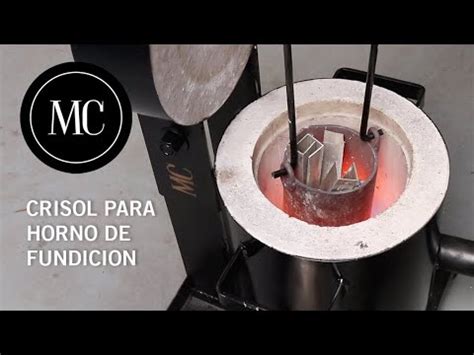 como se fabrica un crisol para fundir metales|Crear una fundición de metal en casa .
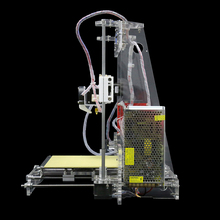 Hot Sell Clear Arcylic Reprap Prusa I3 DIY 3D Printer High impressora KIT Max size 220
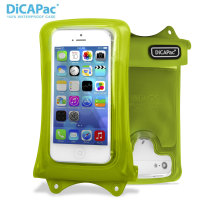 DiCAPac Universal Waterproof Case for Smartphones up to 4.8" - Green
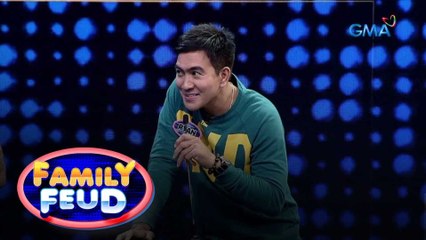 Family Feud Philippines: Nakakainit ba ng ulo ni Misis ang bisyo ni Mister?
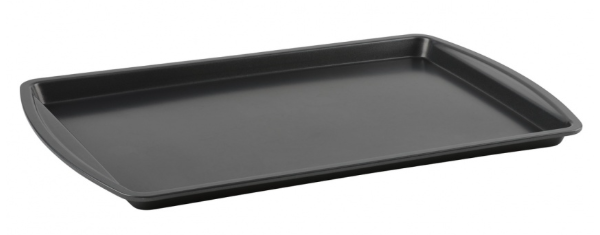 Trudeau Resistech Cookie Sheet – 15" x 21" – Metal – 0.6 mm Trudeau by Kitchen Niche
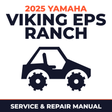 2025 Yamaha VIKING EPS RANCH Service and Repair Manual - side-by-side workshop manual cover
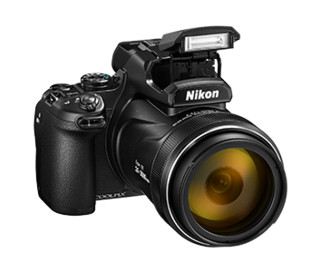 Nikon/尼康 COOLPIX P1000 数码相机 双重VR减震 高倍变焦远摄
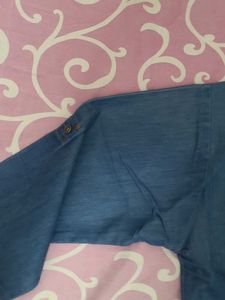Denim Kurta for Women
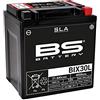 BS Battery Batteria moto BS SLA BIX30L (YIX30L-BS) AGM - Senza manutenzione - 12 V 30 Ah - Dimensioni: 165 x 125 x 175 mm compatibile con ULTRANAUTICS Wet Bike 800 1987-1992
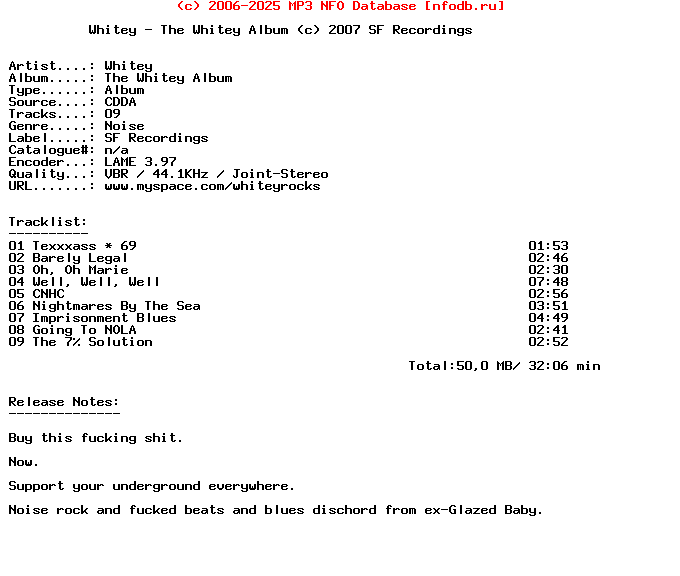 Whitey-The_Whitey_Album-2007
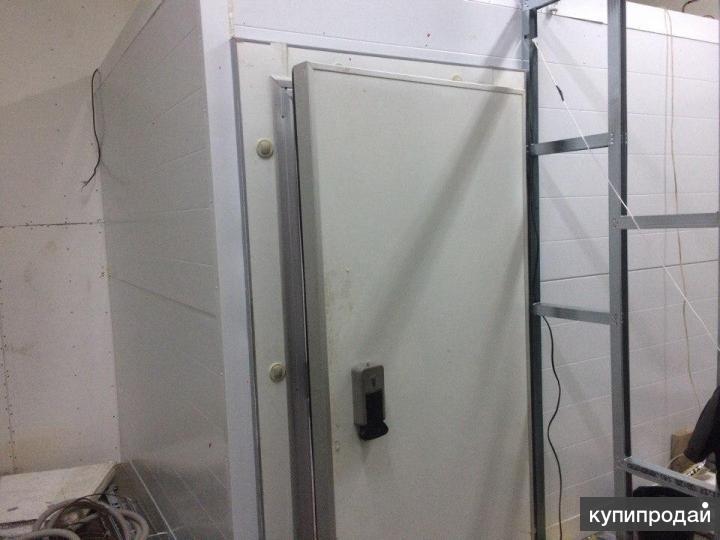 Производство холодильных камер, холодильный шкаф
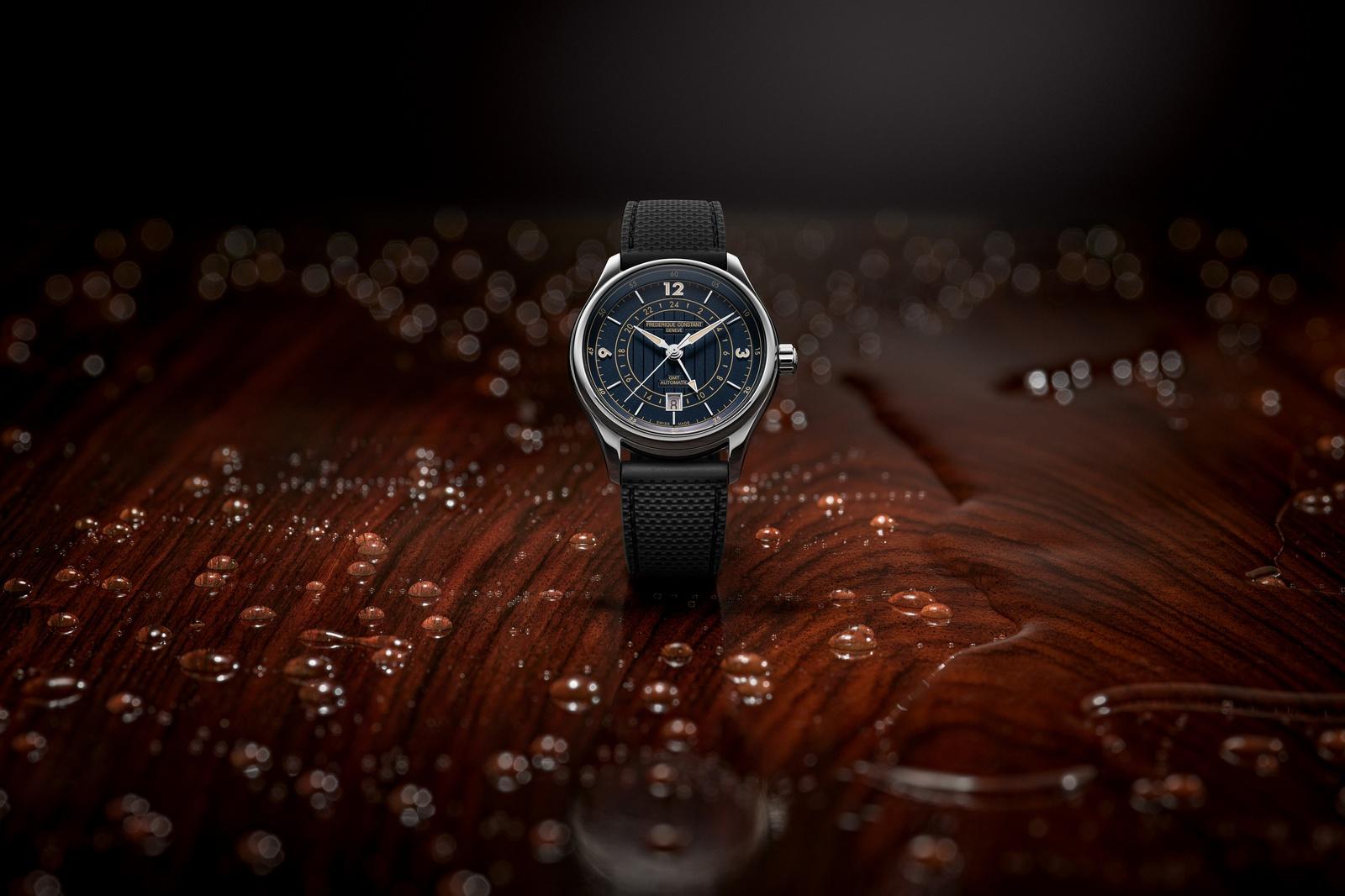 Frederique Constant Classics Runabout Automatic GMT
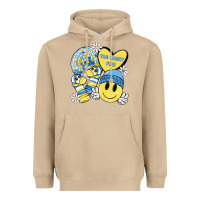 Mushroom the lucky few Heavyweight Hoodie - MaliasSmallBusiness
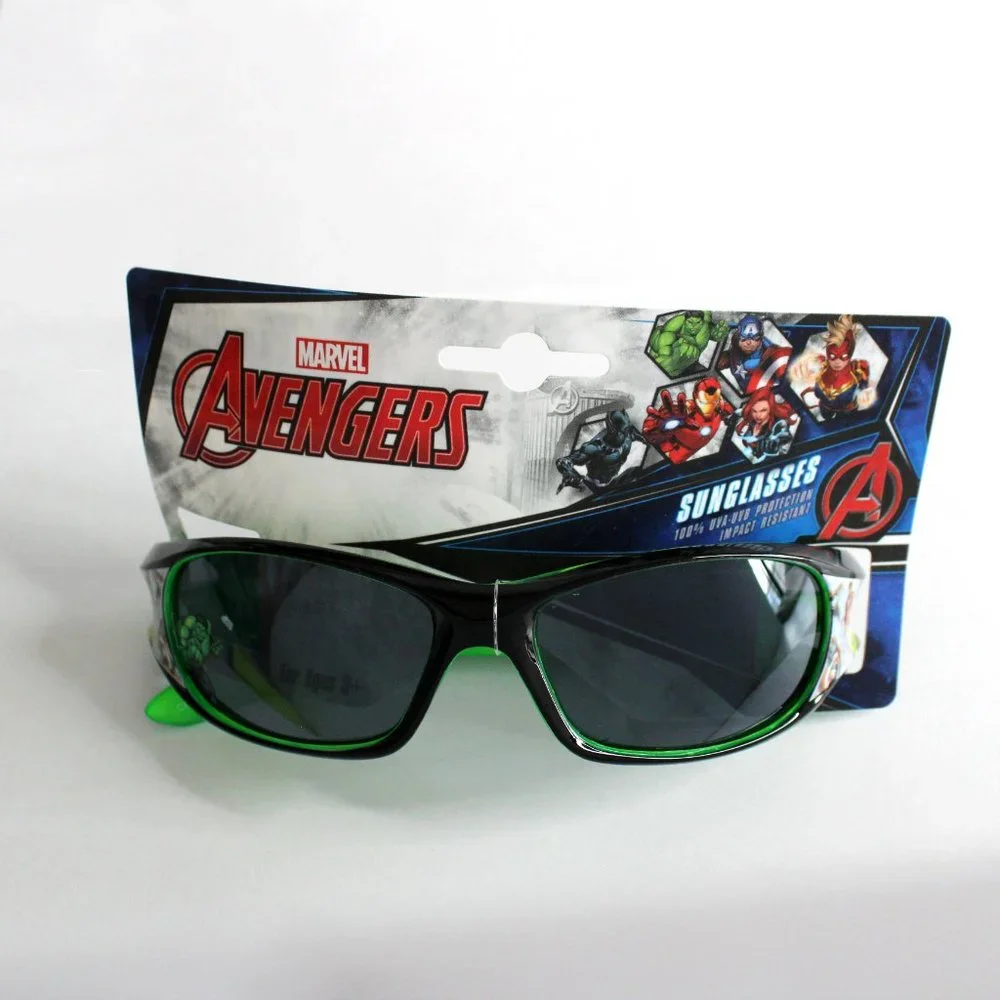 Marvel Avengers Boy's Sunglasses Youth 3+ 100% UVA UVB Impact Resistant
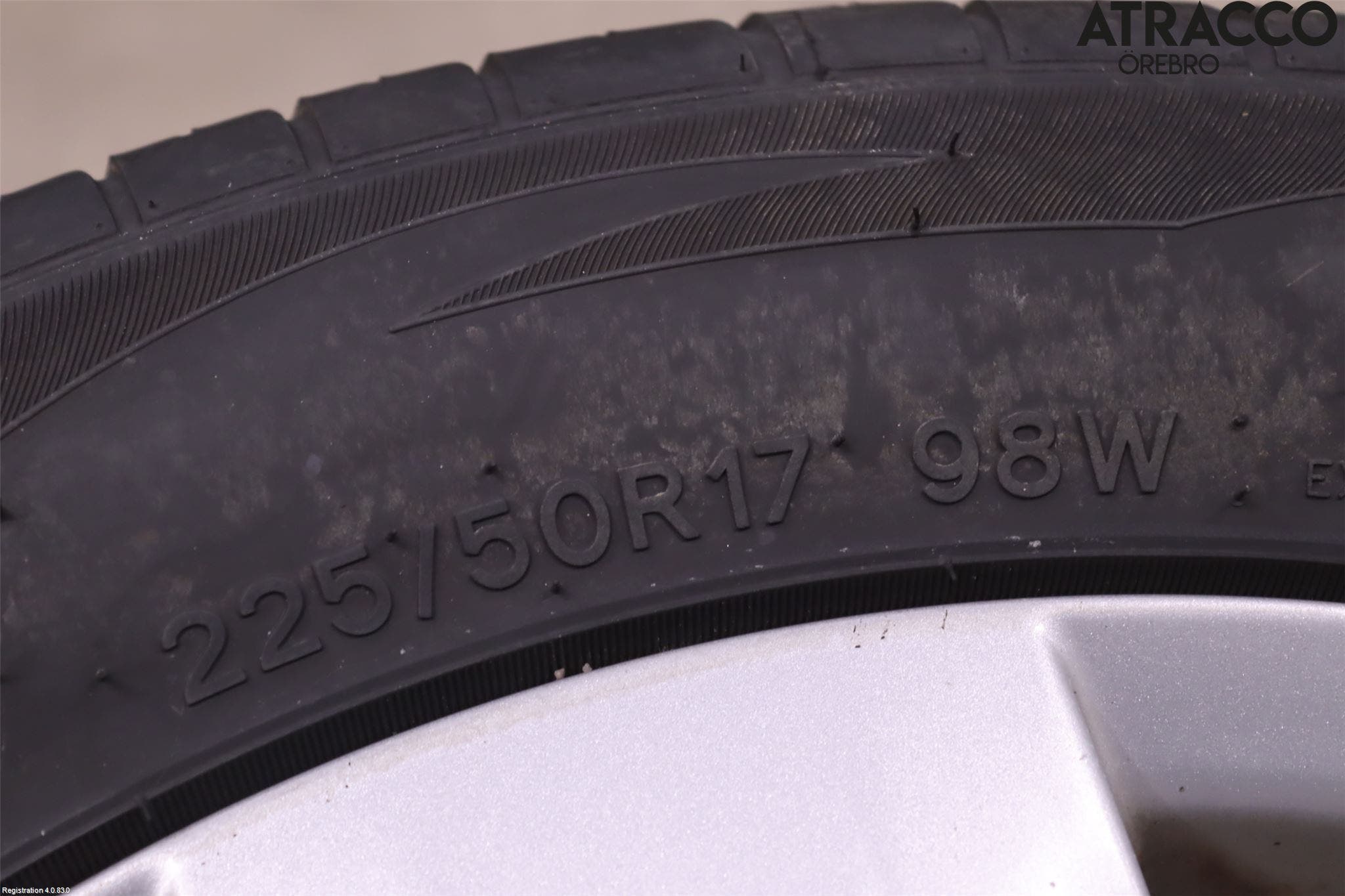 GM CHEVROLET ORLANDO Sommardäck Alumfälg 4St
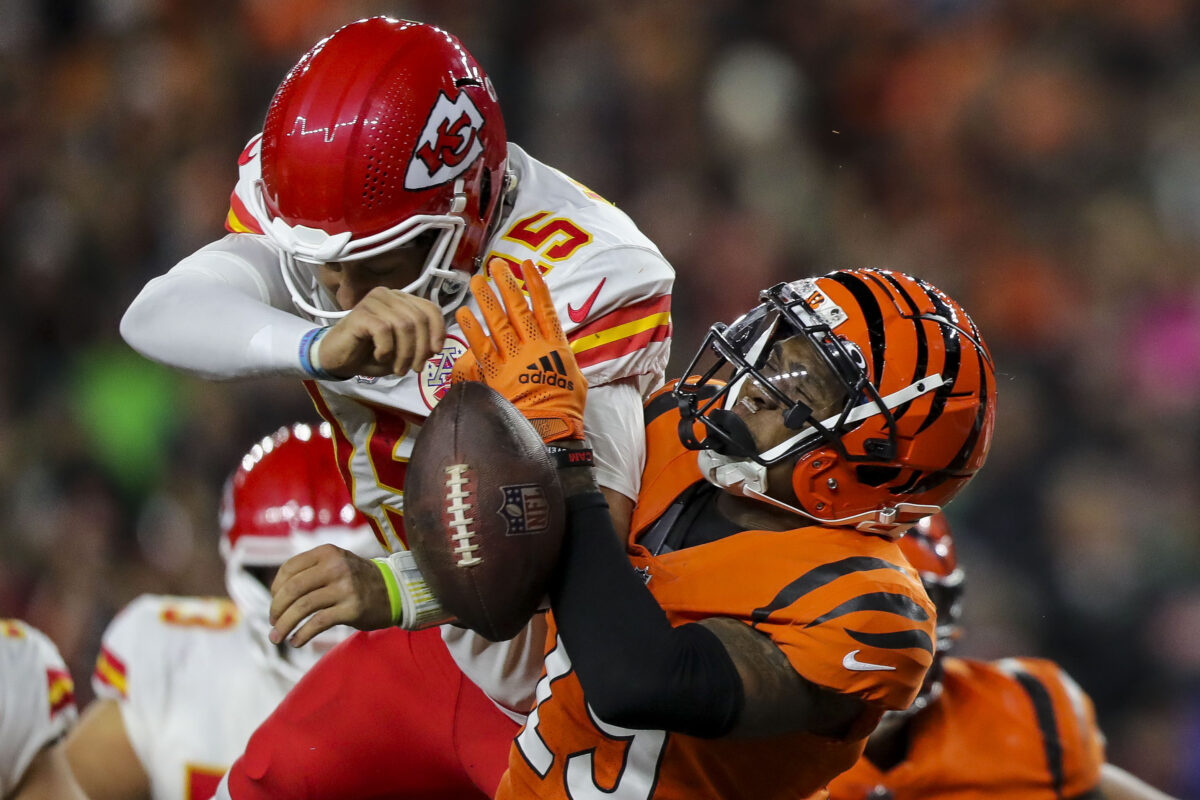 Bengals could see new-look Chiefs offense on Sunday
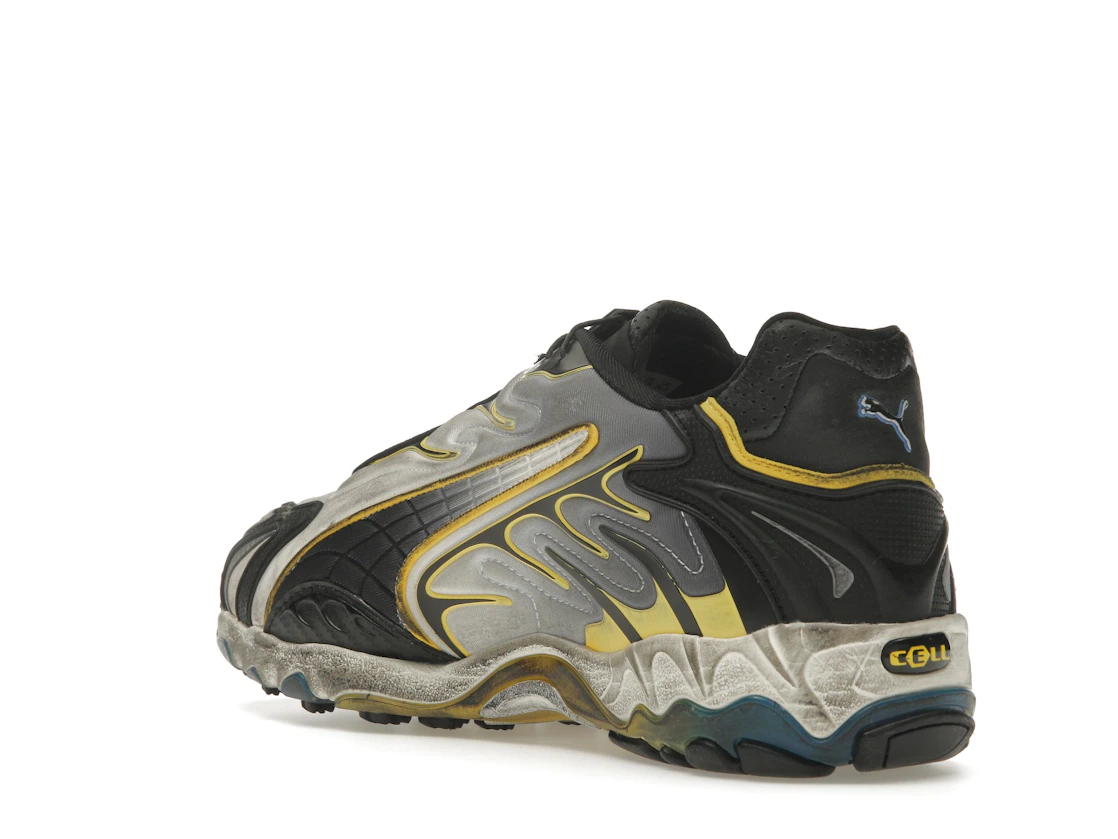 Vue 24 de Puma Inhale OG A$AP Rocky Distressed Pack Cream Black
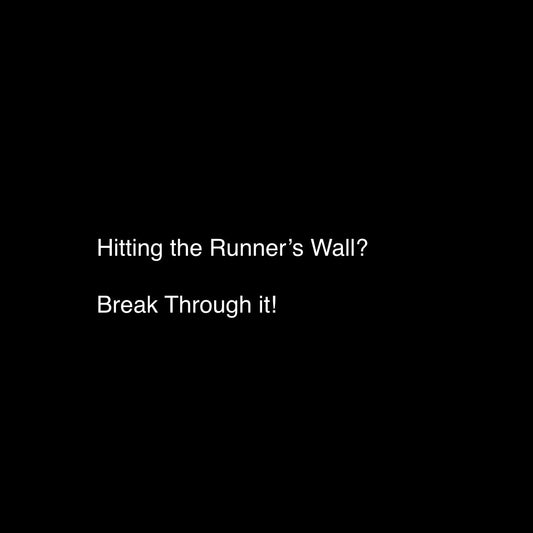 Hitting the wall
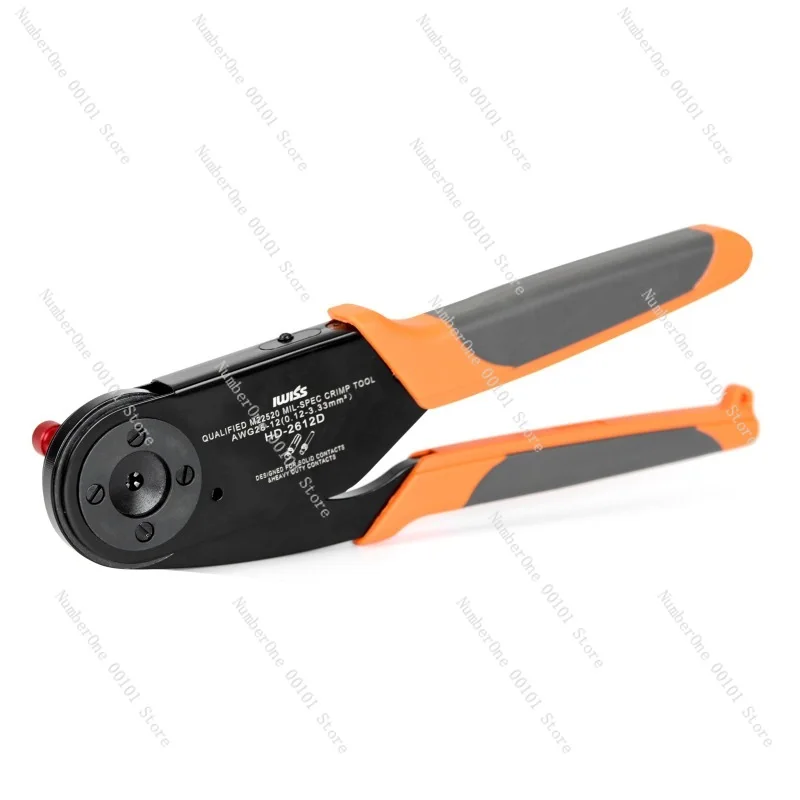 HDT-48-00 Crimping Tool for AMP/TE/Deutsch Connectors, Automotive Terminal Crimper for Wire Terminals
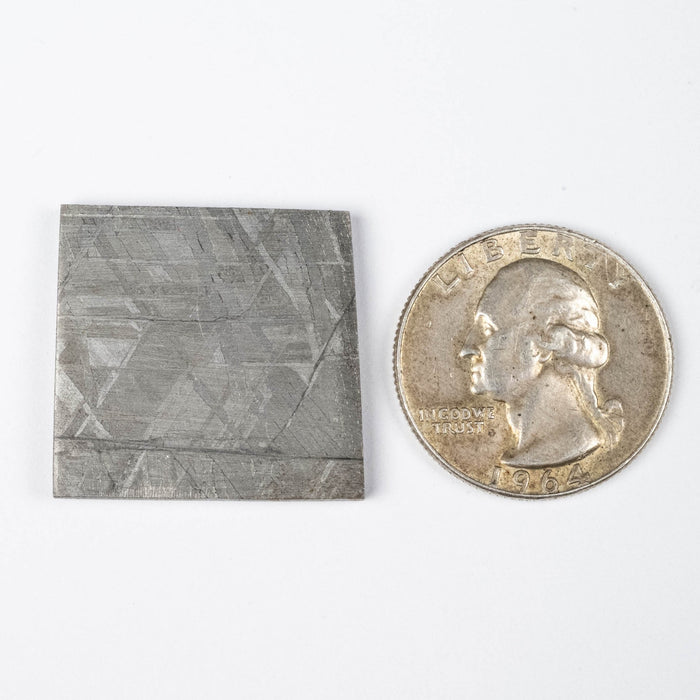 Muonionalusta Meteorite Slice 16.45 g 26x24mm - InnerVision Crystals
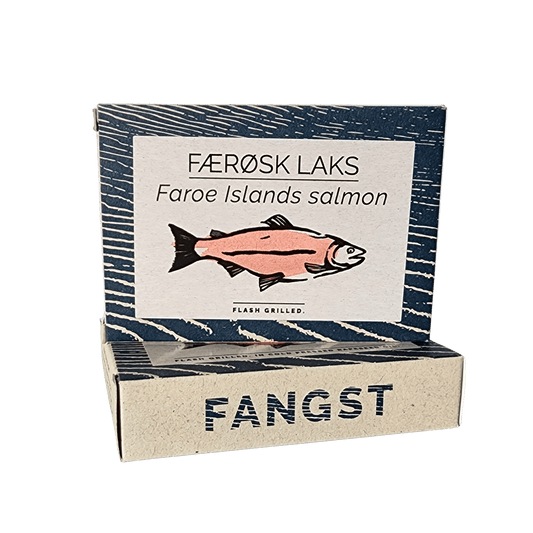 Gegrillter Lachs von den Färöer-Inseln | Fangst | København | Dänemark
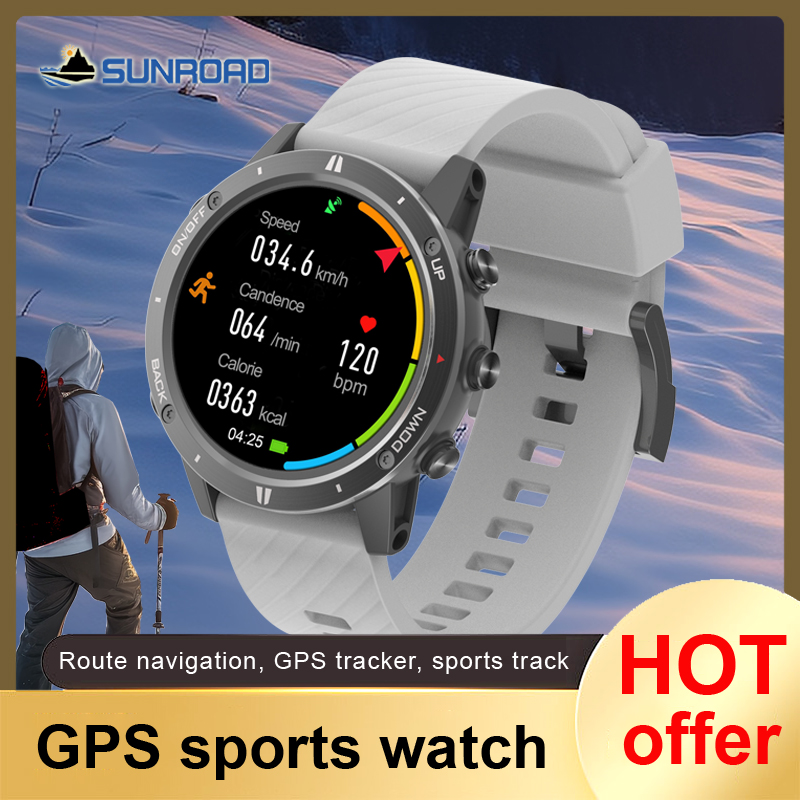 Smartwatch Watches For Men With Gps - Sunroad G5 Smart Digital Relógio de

* **Problem**
Reproduce the span beginning at the line with "Whitey-The_Whitey_Album-2007" and ending at the last line of the entries above, inclusive, exactly as it stands. Exclude the pictures.

* **Task output**
 Whitey-The_Whitey_Album-2007
 Производство холодильных камер, холодильный шкаф
 Frederique Constant Classics Runabout Automatic GMT
 Mushroom the lucky few Heavyweight Hoodie - MaliasSmallBusiness
 Marvel Avengers Boy's Sunglasses Youth 3+ 100% UVA UVB Impact Resistant
 GM CHEVROLET ORLANDO Sommardäck Alumfälg 4St
 Bengals could see new-look Chiefs offense on Sunday
 Vue 24 de Puma Inhale OG A$AP Rocky Distressed Pack Cream Black
 Hitting the wall
 HDT-48-00 Crimping Tool for AMP/TE/Deutsch Connectors, Automotive Terminal Crimper for Wire Terminals
 Muonionalusta Meteorite Slice 16.45 g 26x24mm - InnerVision Crystals
 Gegrillter Lachs von den Färöer-Inseln | Fangst | København | Dänemark
 Smartwatch Watches For Men With Gps - Sunroad G5 Smart Digital Relógio de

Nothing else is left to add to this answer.